Applied Statistics (ECS764P) – Lab 1
代写应用统计作业 Plot this distribution (in Python or on a piece of paper). Compute its CDF. Use your plot to check that your answer makes sense.
1 Theory 代写应用统计作业
The following questions are meant to test your understanding of lectures 1 and 2. Answers to these questions will not be marked, but if you can solve these questions, you will be fifine at the exam…
1.The triangular distribution is the distribution you get by summing two uniform distributions on [0, 2]. Its PDF is given by:
Plot this distribution (in Python or on a piece of paper). Compute its CDF. Use your plot to check that your answer makes sense.
2.Consider the array [3,4,2,5]. Find the sample mean and the sample median. Suppose we add an additional observation x ≥ 5 to this array. What is the smallest value of x for which the mean will be larger or equal to the median?
3.Compute the following:
(a) Consider the slightly modifified Bernoulli distribution which is supported by {1, 2} (instead of {0, 1})and where the probability mass of {1} is (1 − p) and the probability mass of {2} is p. Compute the variance of this distribution.
(b) The mean of the triangular distribution defifined above.

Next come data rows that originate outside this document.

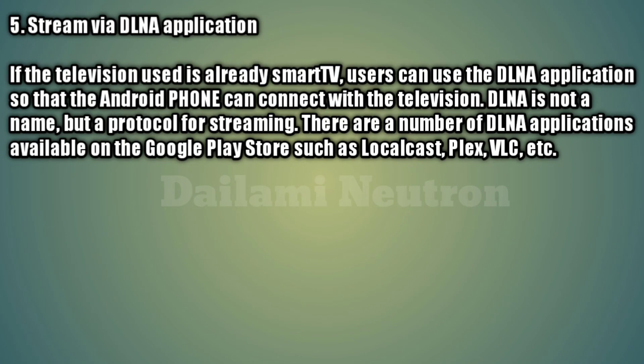Method 5: Streaming via a DLNA application. If the television being used is already a Smart TV, users can use a DLNA application so that the Android phone can connect with the television. DLNA is not an app name but a protocol for streaming. There are a number of DLNA applications available on the Google Play Store, such as LocalCast, Plex, VLC, and others.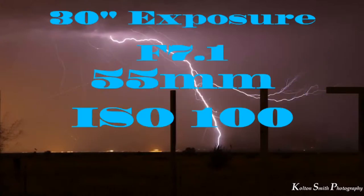I had a 30 second exposure at f7.1, and my lens was set at 55mm. I had an ISO of 100 for no noise because it was nighttime and I didn't want particle-looking stuff in the shot. I had no crop on it. That lightning was perfectly centered and I loved every minute of it.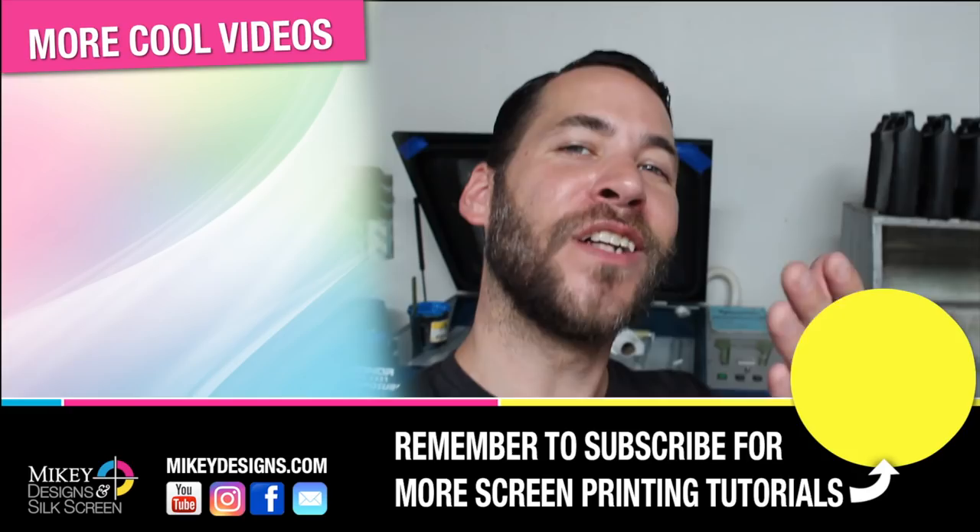Don't forget to subscribe, give this video a thumbs up, and share our videos so we can spread the word and you can continue to help support this channel. Until next time guys, we'll see you later.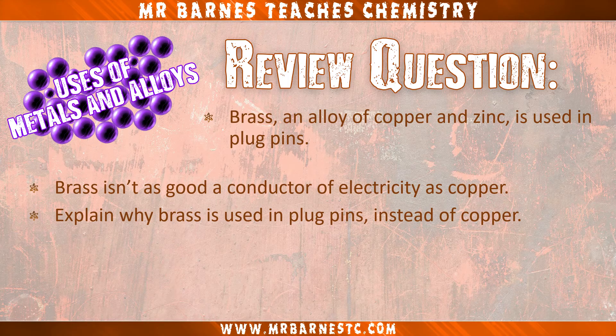Hopefully you got all that right. I have a review question for you: brass, an alloy of copper and zinc, is used in plug pins. It isn't as good a conductor of electricity as copper, so explain why we use brass in plug pins instead of copper. If you want to have a go, put your answers in the comments and I'll let you know if you're right.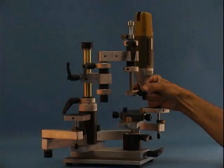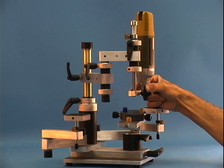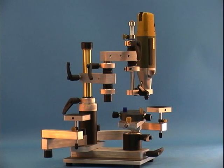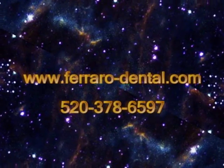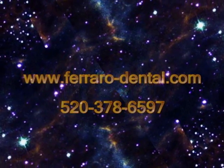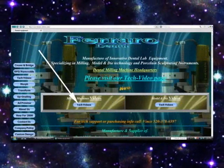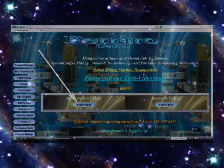Take special notice to the secondary or the middle arm. Now it adds to the fluid movement of the motor arm. This triple jointed arm is what makes our milling machines so unique.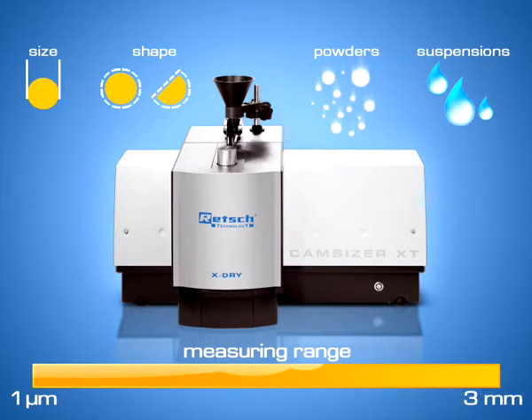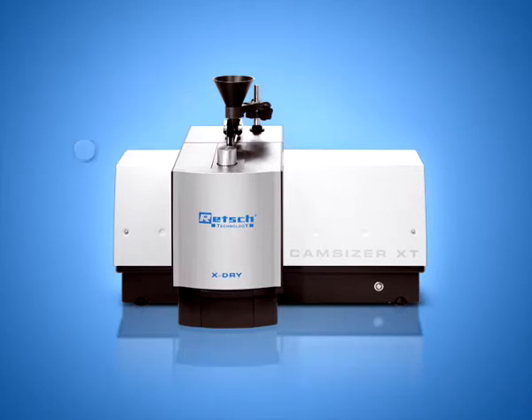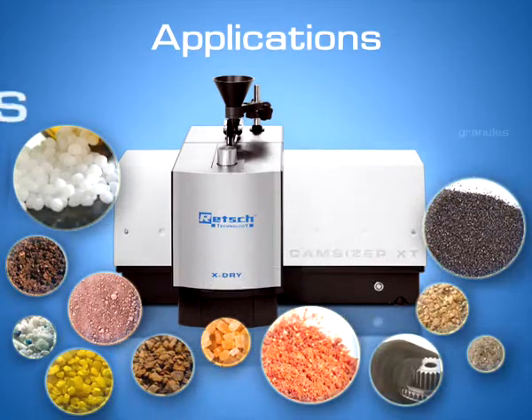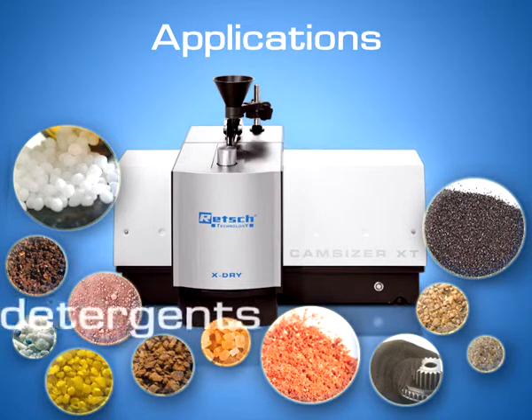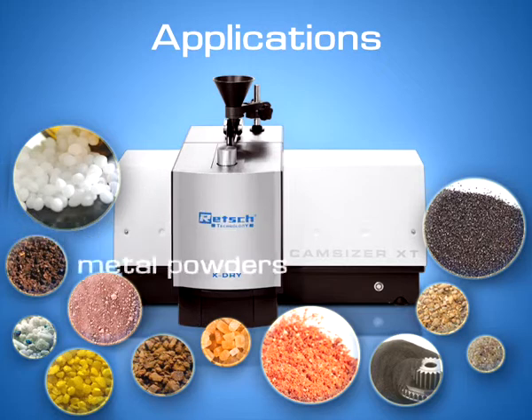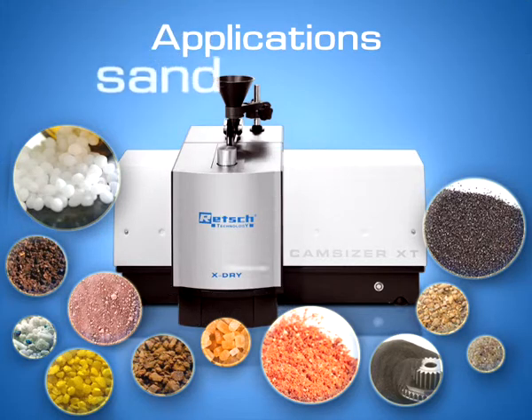Thus, the CamSizer XT is ideally suited for applications such as pharmaceutical powders, granules, and fine pellets. Pulverized and granulated food, such as ground coffee or instant beverages, detergents, plastics, metal and ore powders, abrasives, sand and cement, as well as fibers.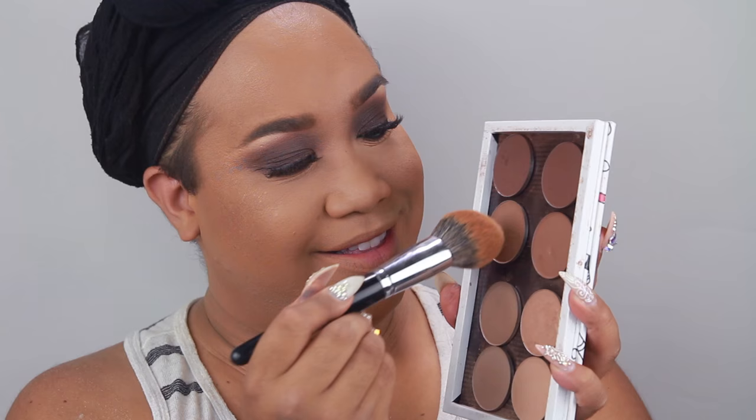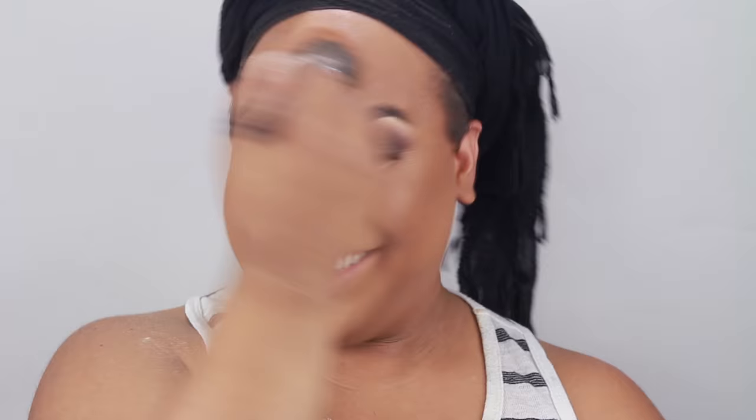Moving on to the face. I'm going to take the Chanel Universal Powder and dust that all over my face — this gives me a pore-refining look. It's micro-milled and finely milled, but it's really expensive, so I suggest you really think about it before you buy it. I'm going to snatch my face with the MAC Mineralized Skin Finish in the color Dark, and then to further contour my face, I'm going to take the Make Up For Ever contouring shades and apply them under my chin and on my cheekbone.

(c) The standard deviation of the uniform distribution on an interval [a, b],
4.Recall that measures (and therefore probability measures) are σ-additive. This means that if µ is a measure, X is a set, and (Ai)i∈N is a collection of disjoint subsets which partition X – that is to say
then it must be the case that
(1)
In other words, the masses of the set Ai add up to the mass of X.
Consider the uniform distribution on (0, 1]. What is its PDF? Consider the collection of sets defifined by
Show that it forms a partition of (0, 1] (i.e. the Ais are pairwise disjoint and their union is the whole of (0, 1]. Show that the σ-additivity equation (1) holds for this partition. (Hint: You might want to check out this page: https://en.wikipedia.org/wiki/Geometric_series.)
2 Practice 代写应用统计作业
General instructions Complete the following tasks by creating a Jupyter Notebook. This Jupyter Notebook will need to be submitted on QMPlus (follow Labs and Coursework→ Coursework 1 – submission) by 20 October 2022 at 11:00. This coursework will count for 10% of your fifinal mark for the module.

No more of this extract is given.